Thursday, January 27, 2005

The printing press and standardization

Something I've become increasingly sensitive to this year (as my roommate/chevrusa can attest to) is text criticism. I've blogged about my frustration with it before, but I've also gained a certain appreciation for its importance to scholarship of all kinds. One interesting fact about Jewish intellectual history that this increased sensitivity has made me aware of is the effect of the printing press on the traditional Jewish view of text scholarship. In medieval works, the fact that there are differing manuscript traditions is taken for granted. Israel Ta-shema, in his book The Exegetical Literature on the Talmud, goes through a list of things that every Talmudic exegete goes through for every comment he makes. The first is determining that he has the proper text.

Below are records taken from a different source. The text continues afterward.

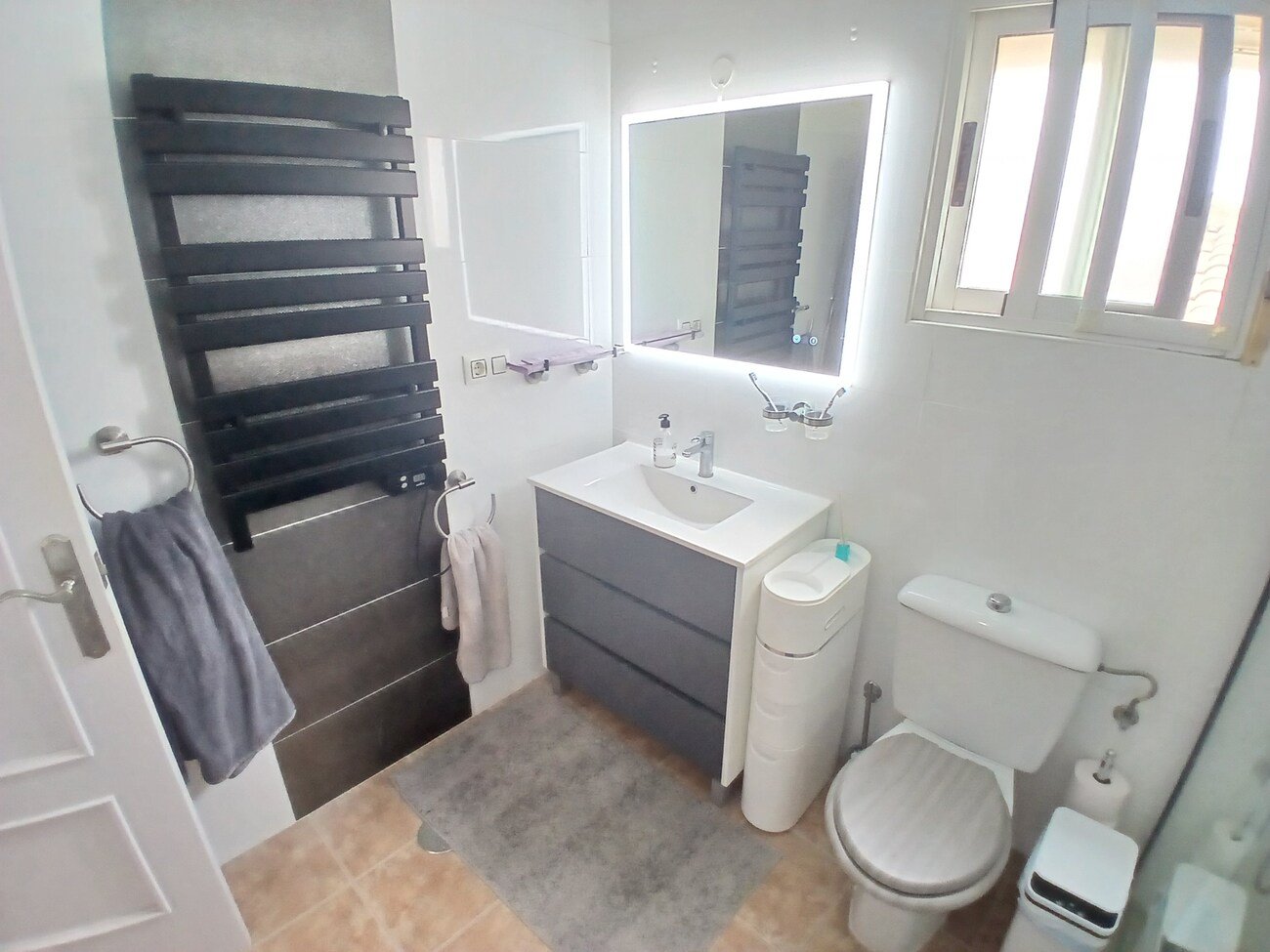 3 Bedroom 2 Bathroom Villa in Villamartin - Caza De Casa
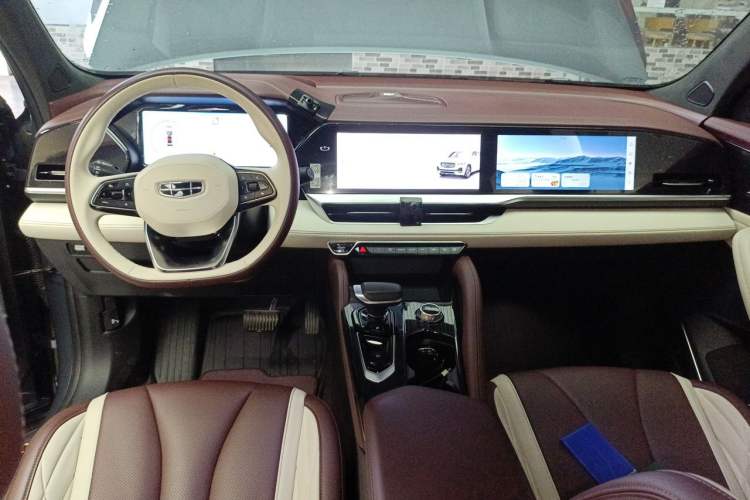 Used Geely Auto Monjaro L 2021 2.0TD DCT EVO Two-Wheel Drive Prestige Version Center Console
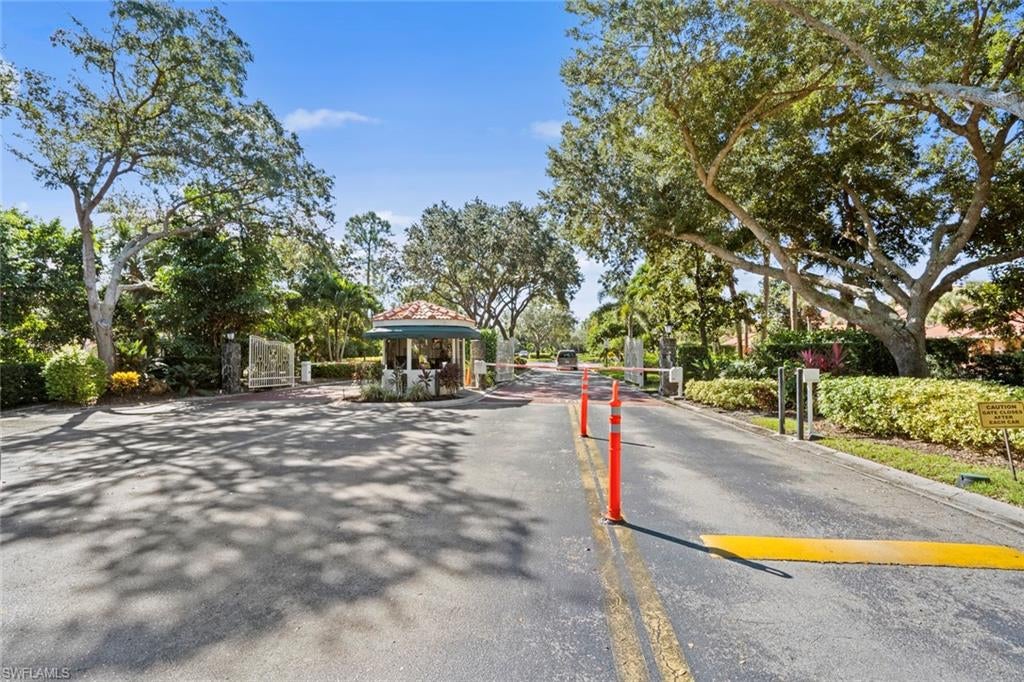 2055 Cascades Dr #6, Naples, FL 34112 photo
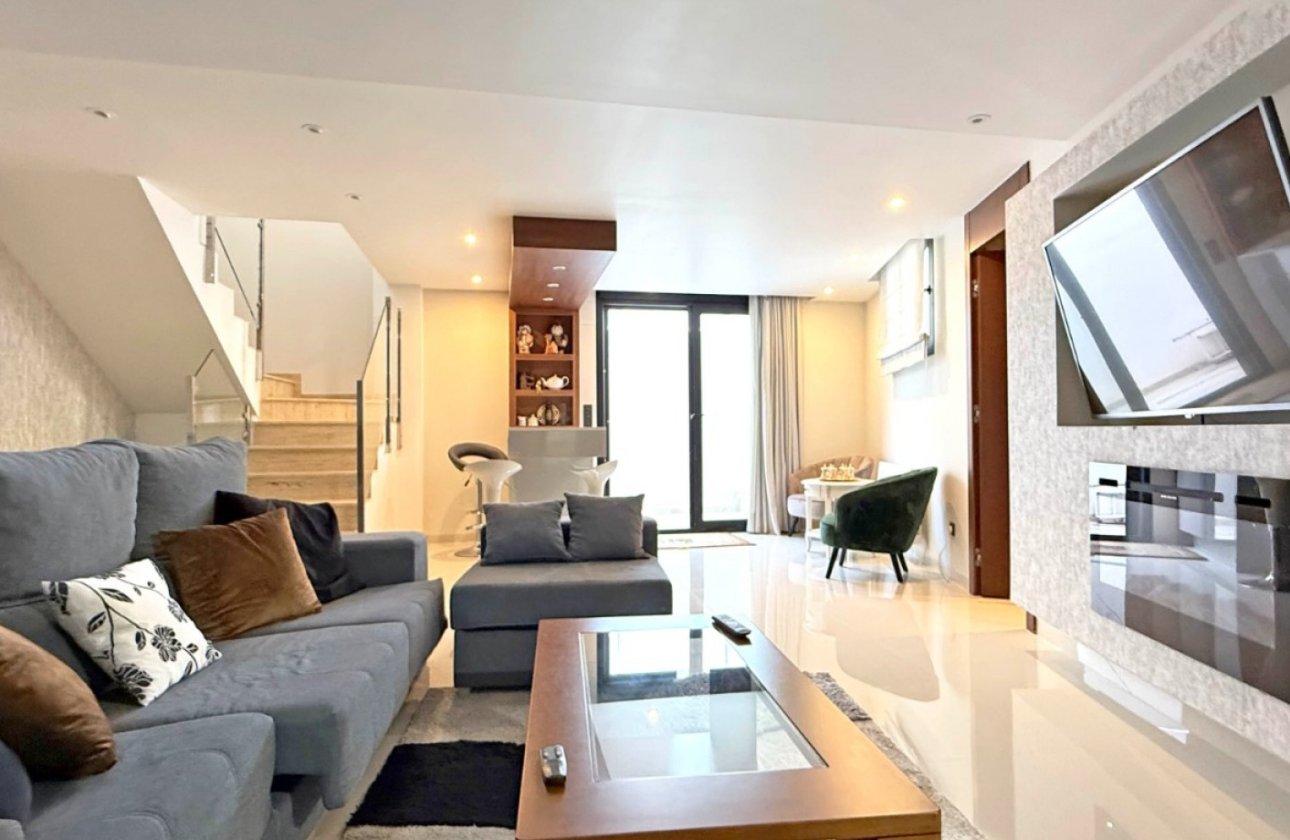 Herverkoop - Villa -
Orihuela Costa - Costa Blanca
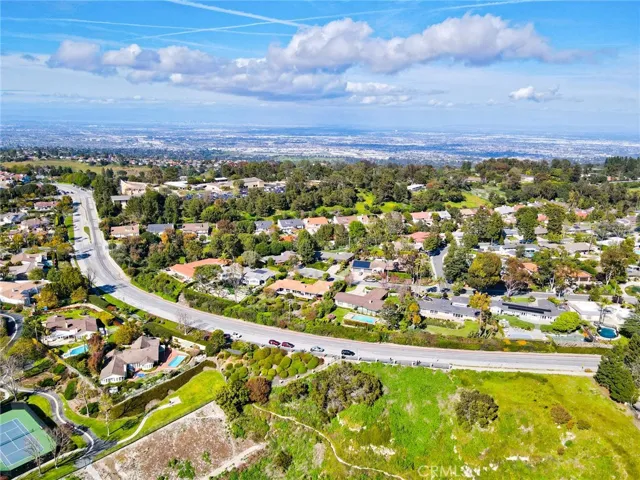 5417 Valley View Road, Rancho Palos Verdes, California 90275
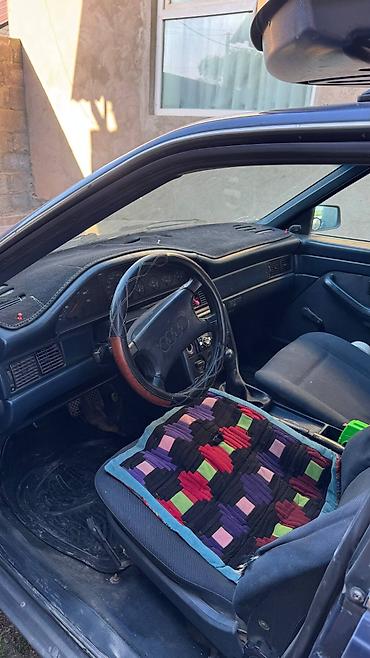 Унаа сатуу: Audi 100: 1988 г., 2.6 л, Кол менен иштөөчү, Бензин, Седан — 2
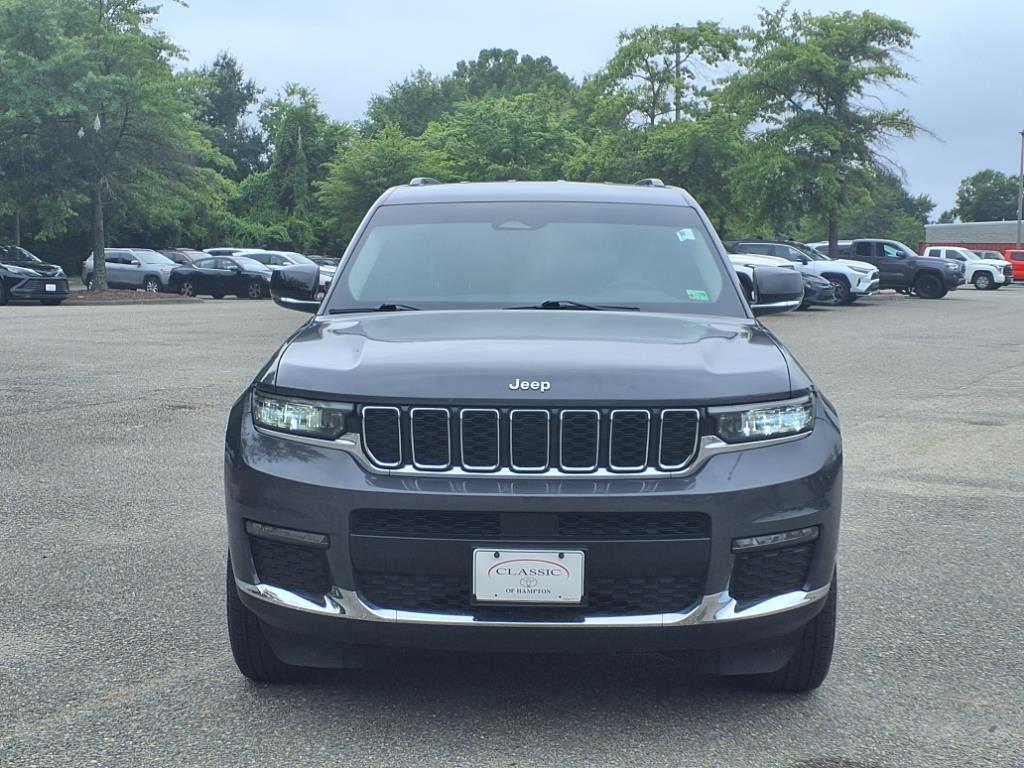 2023 Jeep Grand Cherokee Limited photo 2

My experience with medieval scholarship backs this up. There are sometimes debates about what that text is, and it is clear that nobody automatically assumed that any given manuscript was correct. They took it for granted that errors were made in the transmissions of texts. Since the advent of the printing press, we take it for granted that there are no errors in our text, unless noted by any earlier authority, to the point where any suggestion of change borders on heresy. There was a big hubbub when the Steinsaltz edition of the Talmud came out, because he did not include the standard printed version. This edition was first printed at the end of the 19th century, but it has almost reached canonical status among Orthodox Jews. The same goes for standard printings of other texts. We operate off the unconscious assumption that we are reading authoritative texts, which sometimes creates situations where texts are difficult to read properly, or where we misunderstand them entirely. It certainly gives us a completely different view of texts than the medievals had, and not for the better, I think. It's interesting to me that the printing press, one of the most, probably the most, important factors in the development of the modern world, is an important factor in this regressive stream of though in Orthodox Judaism.